Depuis cet été, le jeune homme dessine des schémas anatomiques représentant des personnes noires afin d'attirer l'attention sur le manque de diversité dans les représentations scientifiques. Avec cette cette publication sur Instagram, il a récolté près de 92.000 "like" (j'aime) et compte désormais plus de 123.000 abonnés.

"Dès les premiers jours, je me suis rendu compte que toutes les illustrations médicales montraient des personnes à la peau blanche", raconte à BFMTV.com le jeune Nigérian de 25 ans, encore étonné en repensant aux premiers jours où il a ouvert ses manuels.

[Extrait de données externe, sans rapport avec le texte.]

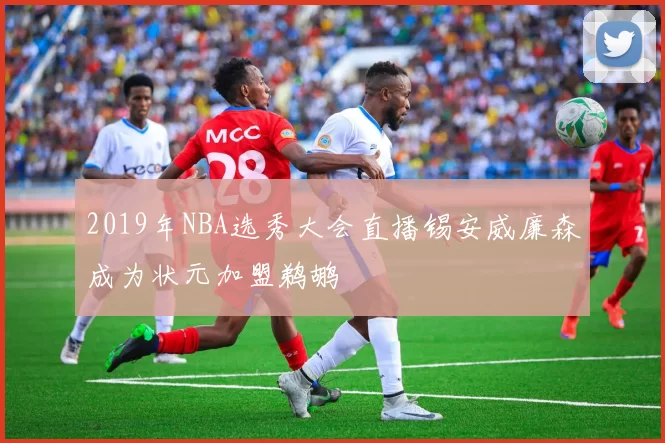 2019年NBA选秀大会直播锡安威廉森成为状元加盟鹈鹕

"Je me suis dit qu'il y avait un problème"

"Ça a vraiment attiré mon attention (...), je me suis dit qu'il y avait un problème", se rappelle cet étudiant en première année de médecine qui souhaite devenir neurochirurgien pédiatrique. "Ça peut paraître surprenant mais même en Afrique, tous les schémas illustrent des personnes blanches".

Dès juillet 2020, le jeune homme, frustré, décide de prendre ce problème à bras le corps et d'y remédier lui-même. Ce passionné d'art profite alors du confinement pour se mettre au dessin de façon intensive. "Je me suis lancé le défi d'apprendre à dessiner en ligne. Je suis allé sur internet et j'ai commencé à apprendre grâce à des tutoriaux, avec un vieil ordinateur, une vieille souris (...) et petit à petit, je me suis amélioré".

Eczéma, boutons de chaleur, rougeole, dermatite séborrhéique... Le jeune homme se met donc à illustrer et à publier sur son compte instagram les symptômes de plusieurs maladies sur des peaux noires, et notamment des pathologies dermatologiques qui se manifestent de façons bien différentes que sur des peaux caucasienne ou asiatique. Des dessins qu'il publie désormais dans The Journal of Global Neosurgery.

Un manque de représentation qui fausse les diagnostics

Chiedebere Ibe déplore le manque de diversité dans la littérature scientifique. "Ça pose beaucoup de problèmes", souligne-t-il, "parce que les médecins ou les physiciens ne savent pas toujours comment soigner les personnes noires avec leurs spécificités, telles que les particularités de leur peau par exemple".

"Ça peut mener à de mauvais diagnostics", poursuit-il. "C'est un challenge énorme parce que la santé est la première des priorités. Si on prend les États-Unis par exemple, il y a beaucoup de disparités dans la manière dont sont traitées les personnes noires et les personnes blanches. Les taux de mortalité ne sont pas les mêmes", avance l'étudiant.

Ces dernières années, plusieurs études ont confirmé ce manque de diversité. Une étude australienne réalisée en 2014 par des chercheurs de l'Université de Wollogong montrait par exemple que sur 6000 illustrations scientifiques présentes dans des manuels, seuls 36% des corps représentés étaient des femmes, dont la grande majorité étaient blanches. Seuls 3% des corps montraient des personnes handicapées.

Une autre étude, datée de 2019 et publiée dans la revue scientifique Plastic and Reconstructive Surgery, a révélé que les patients caucasiens étaient surreprésentés dans les revues de chirurgie plastique, ce qui pourrait avoir une incidence sur les soins reçus par les patients non blancs. Enfin, il faut rappeler qu'il n'existe qu'environ 2000 illustrateurs médicaux formés à travers le monde, selon les données de l'Association of Medical Illustrators.

Aujourd'hui, plusieurs revues scientifiques et autres maisons d'éditions spécialisées ont fait part de leur désir de travailler avec Chiedebere Ibe afin de faire place à plus de diversité dans les ressources qu'elles proposent. "Il faut que les choses changent, mais ça commence et c'est génial de voir que les gens sont prêts à embrasser ces avancées", se réjouit l'étudiant nigérian. "Il faut que l'intégration et l'égalité deviennent une réalité".